Carroll dismissed Cole's arguments in his ruling Tuesday.
"This judge's (contempt) order is simply directing the attorneys to place the identified funds in the court's registry and to disburse the funds to other third parties," Carroll wrote in his ruling denying the motions. "It is difficult to see how placing the funds in the court's registry to protect said funds from being further diminished would violate Judge Dunston's order or harm the attorneys in any way."
The government also needs to know where the money is and have some kind of assurance that it's not going to continue to change hands, Carroll said.

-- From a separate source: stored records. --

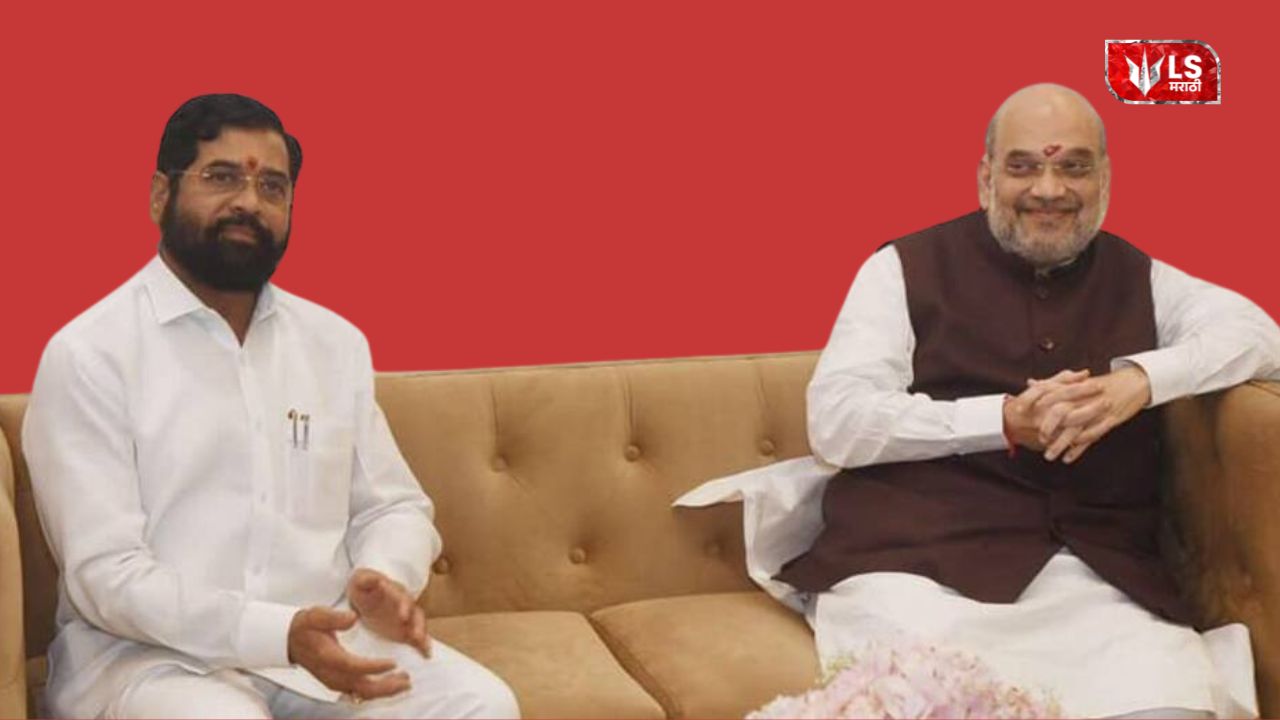 Eknath Shinde-Amit Shah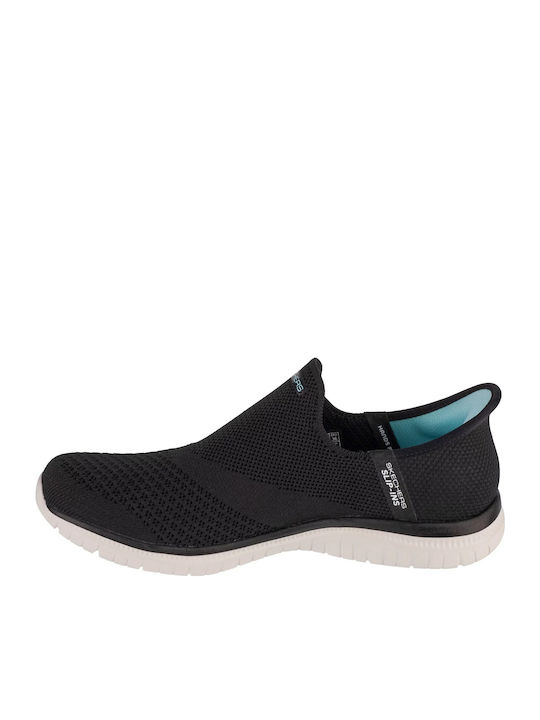 Virtue Дамски Slip-On Черни
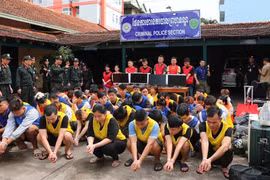 Campuchia yêu cầu xử lý nghiêm quan chức liên quan lừa đảo trực tuyến 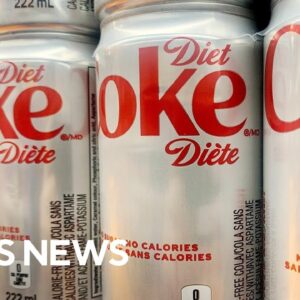 Aspartame sweetener is a possible cancer risk, World Health Organization says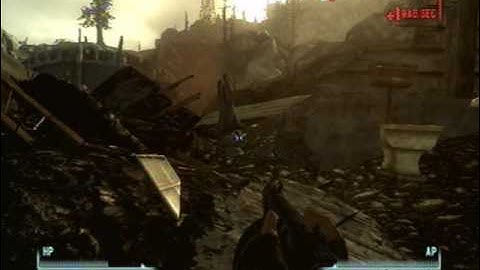 Fallout 3 Alien Crash Site & Unique Laser Gun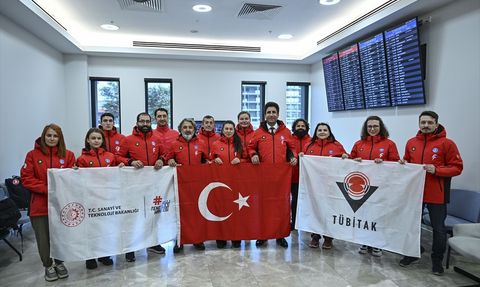Türkiye'nin 4. Ulusal Arktik Bilim Seferi Tamamlandı
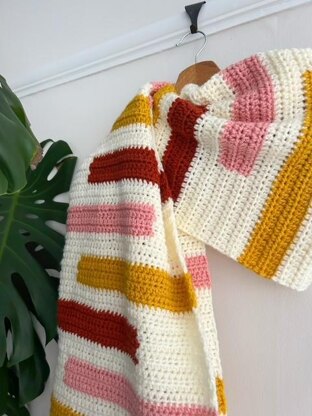 Colour Block Scarf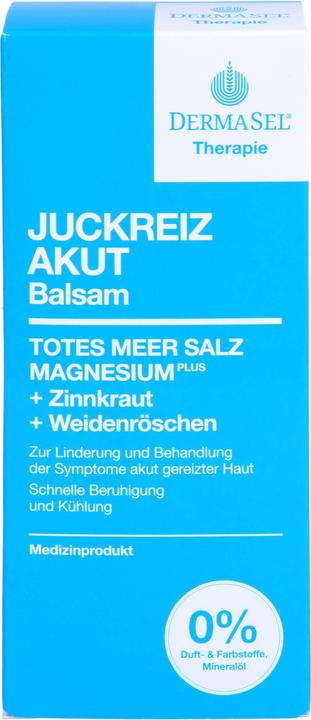 Produktbild DermaSel THERAPIE JUCKREIZ Balsam (Körpercreme, 75 ml)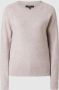 Vero Moda Regular fit gebreide pullover in gemêleerde look model 'DOFFY' - Thumbnail 1
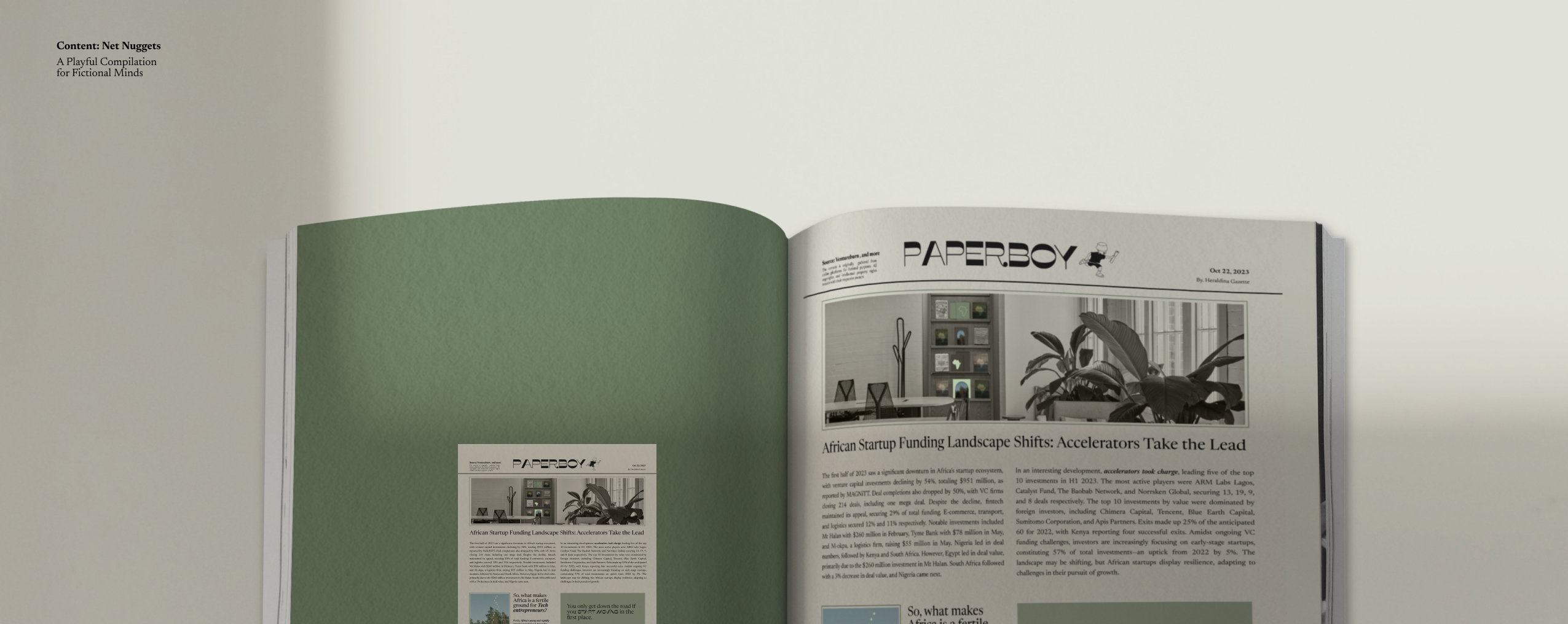 African Startup Funding Landscape Shifts: Accelerators Take the Lead.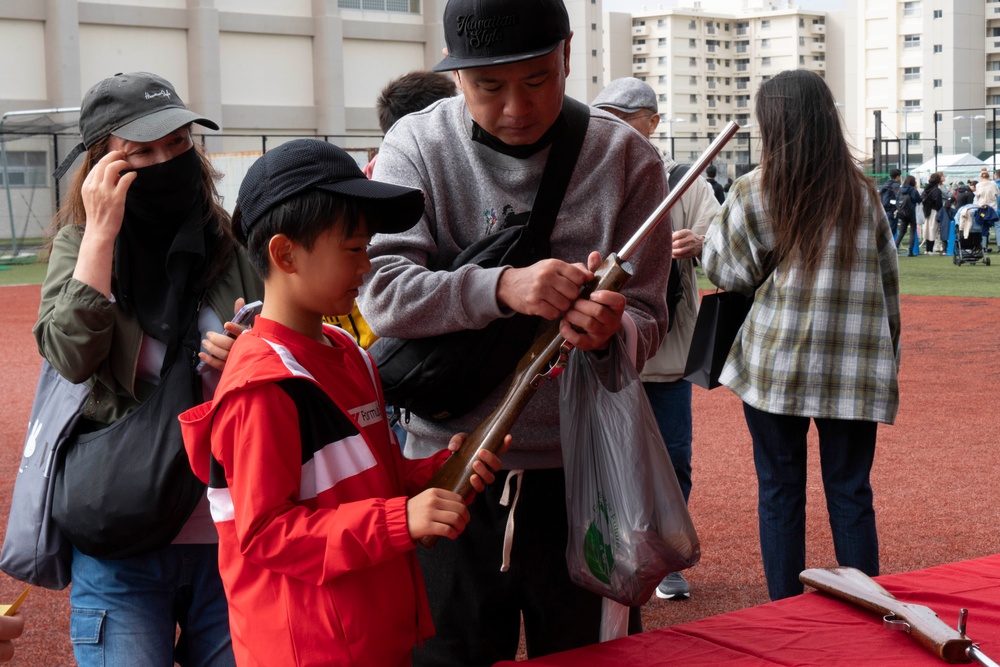 CFAY and City of Yokosuka Celebrate 2023 Friendship Day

"Transfer of funds to the court registry puts the people in a stronger position regarding the security of the funds, and eliminates the guesswork as to how much money is actually being restrained," the judge wrote. "For example, the court cannot ignore the fact that the attorneys made a representation in open court on Oct. 24, 2008, as to the amount of money in their accounts, which subsequently proved to be untrue. Having the funds transferred to the court registry will eliminate such confusion and the balance of the equities in transferring the funds therefore weighs in favor of the people with respect to the attorneys and with respect to Miller."